Connie buzzed in with lightning speed: “We found him. They’re transferring now. On two.”
Mark waited for the prince of the Wednesday lineup, his eyes moving without thinking to the graven image of same across the room. Lou Ciotta, the current national mascot, radiated health. Untold thousands of hopeful actors looked as good, the beautifully unemployed with their bad glossies and puffed résumés, but this one happened to have won the lottery. Happily he was also a moron, so he never lost sleep wondering if he deserved it.
Two flashed, and Mark picked up: “Hey, Tiger.”
“Okay, what’s the problem? If I want a fuckin’ horse, it’s my business.”
“I don’t know about the problem,” Mark responded smoothly, poising pen over paper.
“Eric’s doin’ this trip on Angela—like we can’t afford it. I don’t want to hear that shit. It’s all
I ever heard growin’ up.”
“Eric’s just being protective,” said Mark. On the memo pad he wrote horse.
“Call the bank and get ’em to wire the money. Today.” End of discussion. Mark wrote 1.2 under horse. “Now, about this picture. Angela says the other guy’s got all the laughs. I want the laughs.”

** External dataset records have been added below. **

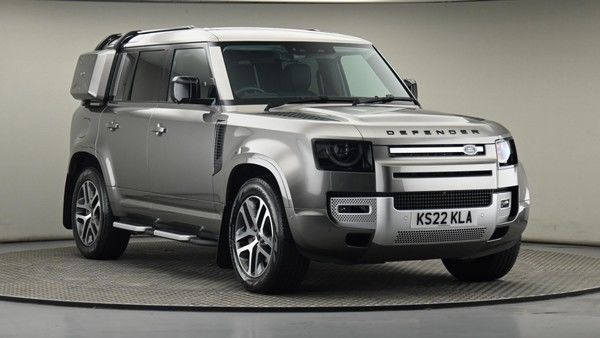 Land Rover Defender 110 Land Rover Defender 110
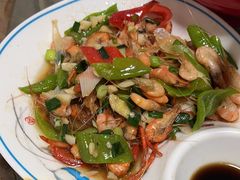 -涵家味土菜馆·徽州一绝臭鳜鱼(三河古镇店)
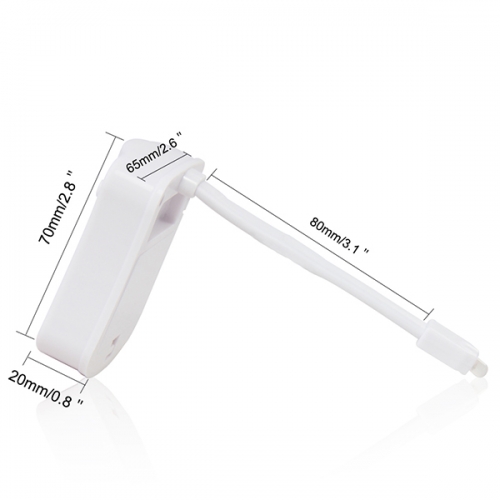 NOĆNO SVJETLO ZA WC LEDlight
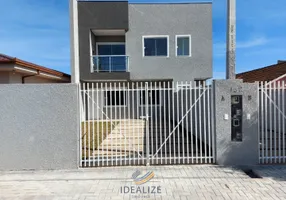 Foto 1 de Casa com 3 Quartos à venda, 86m² em Colônia Rio Grande, São José dos Pinhais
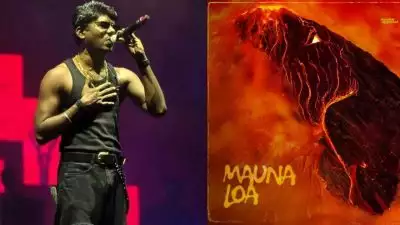 പ്രണയവും വിപ്ലവും നിറച്ച് വരികള്‍, വിവാദങ്ങള്‍ക്കിടെ വേടന്റെ പുതിയ പാട്ട് പുറത്ത്; ട്രെന്‍ഡ് ആയി 'മോണോലോവ'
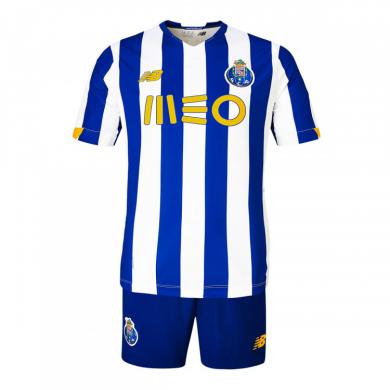 Camiseta de 1ª equipación FC Porto 2020-2021 Niño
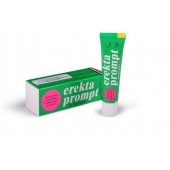 Возбуждающий крем Erekta Prompt для мужчин - 13 мл. - Inverma - купить с доставкой в Архангельске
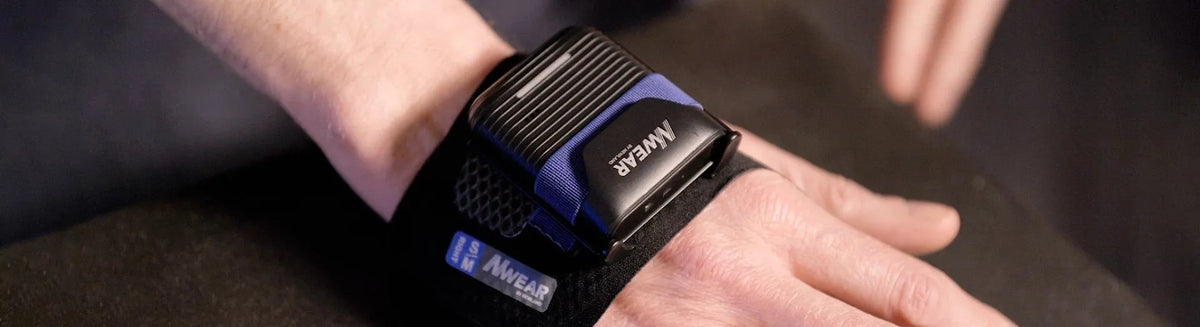 Image 7 for Hand mounted BT 5.0 with standard range 2D scanner. Laser Cross aiming 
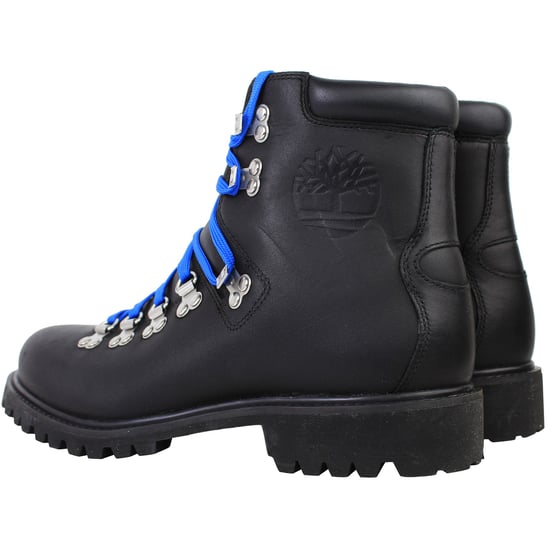 Timberland 1978 Hike Herren schwarze Stiefel - Image 3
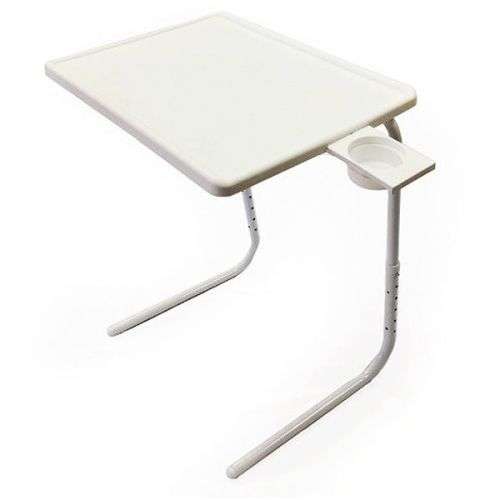 TABLE MATE IV / HEIGHT AND TILT ADJUSTABLE / MULTI-PURPOSE TABLE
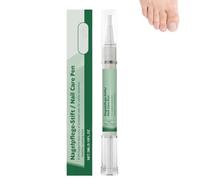 Nail Care Pen, Nails Fungus Treatment for Toenail, Antifungal Nail Polish For Daily Cosmetic Use, Nail Serum for Toenails with Tea Tree Oil and Vitamin E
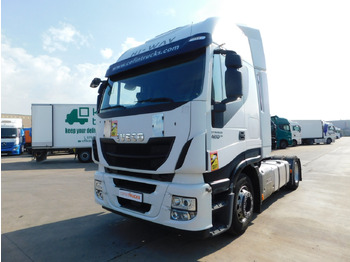 Тягач IVECO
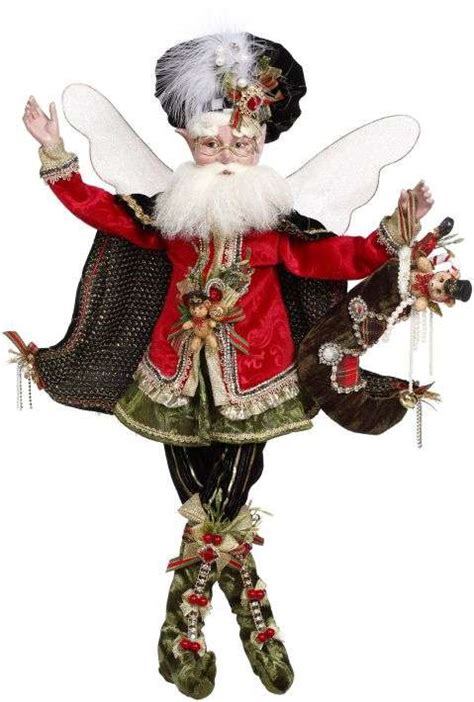 Stocking Stuffing Fairy Lg Official Online Retail Store For Mark Roberts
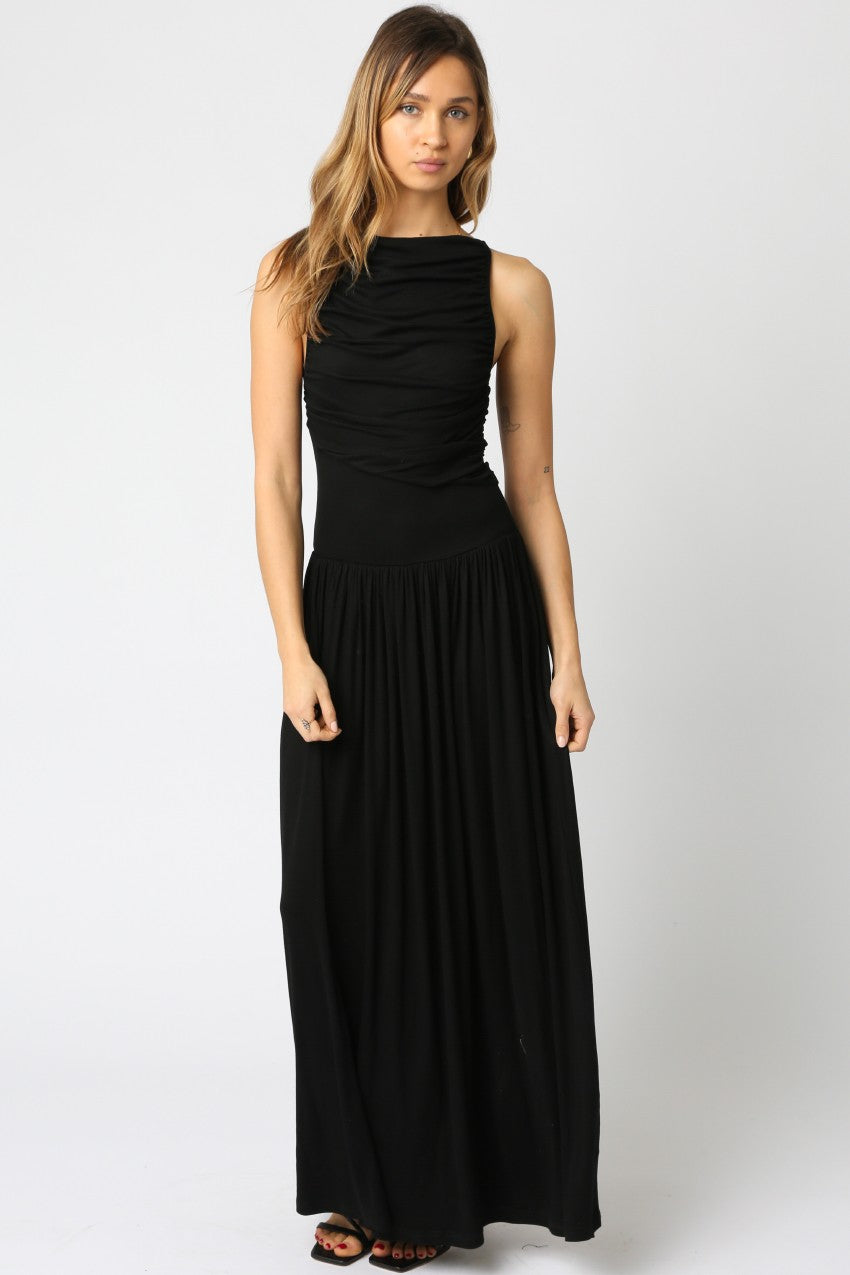 Leni Dress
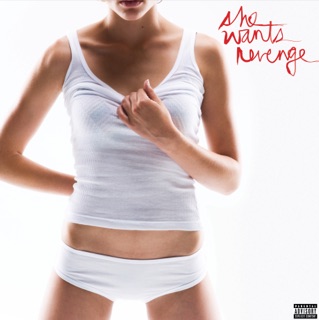 کاور آهنگ Broken Promises for Broken Hearts از She Wants Revenge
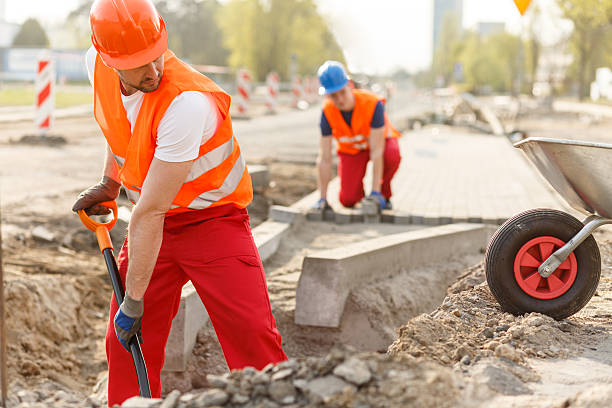 Best Best Concrete Contractor  in Lake Como, NJ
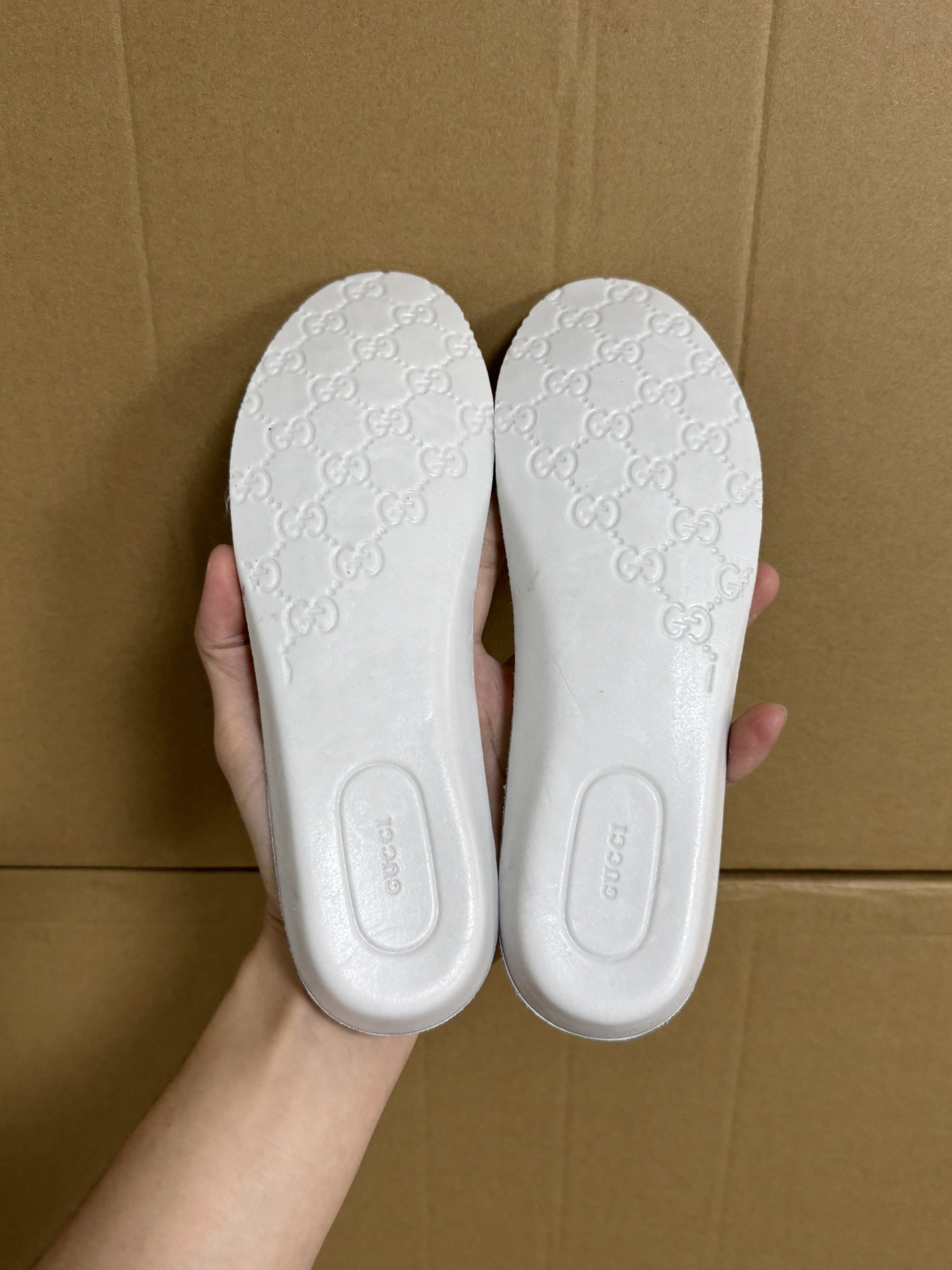 Men Women G*ucci Top quality 1:1 Sneaker size 35-46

“Lou, you’ve got just as many laughs. It’s a buddy picture. You’re both hysterical.”
“Yeah, well, either they change it or they can sit on it.”
Underneath 1.2 Mark wrote laughs. “I think it’s a little premature. Counteroffer’s two and a half mill. They may tell us to sit on it.”
“Whatever,” Lou retorted dismissively, as if the deal-making procedure were beneath his notice. The full tantrum would wait till the deal was done. “Angela needs a new psychic. Make sure he does house calls.”
“What’s wrong with the one she has?”
“He don’t do channeling.” Under laughs Mark wrote channeler. “Listen, what am I gonna get her for her birthday? I was thinkin’ a boat. What do you think?”
“Why don’t you get her a feed bag?”
“What?”
Mark set down the pen beside the memo. “Well, it’s like this, Lou. I don’t really give a fuck.”
There was an odd aphasic pause at the other end, longer than Ted Kneeland, longer than Rob Inman. Mark glanced across at the poster again, to savor the shit-eating grin that had vanished just now in Chicago. Lou said: “This is a joke, right?”
“I don’t think so, Lou. You get all the laughs, remember?”
Mark could hear him breathing heavy, as if he’d just worked out, a photogenic film of sweat gleaming on his charmed torso. “Listen, if this is some kind of fag shit, I don’t got the time. Talk straight to me, man. What’s the deal?”
“No deal, Lou. I was just thinking, maybe Angela can get it on with the horse. That ought to channel her pretty good.”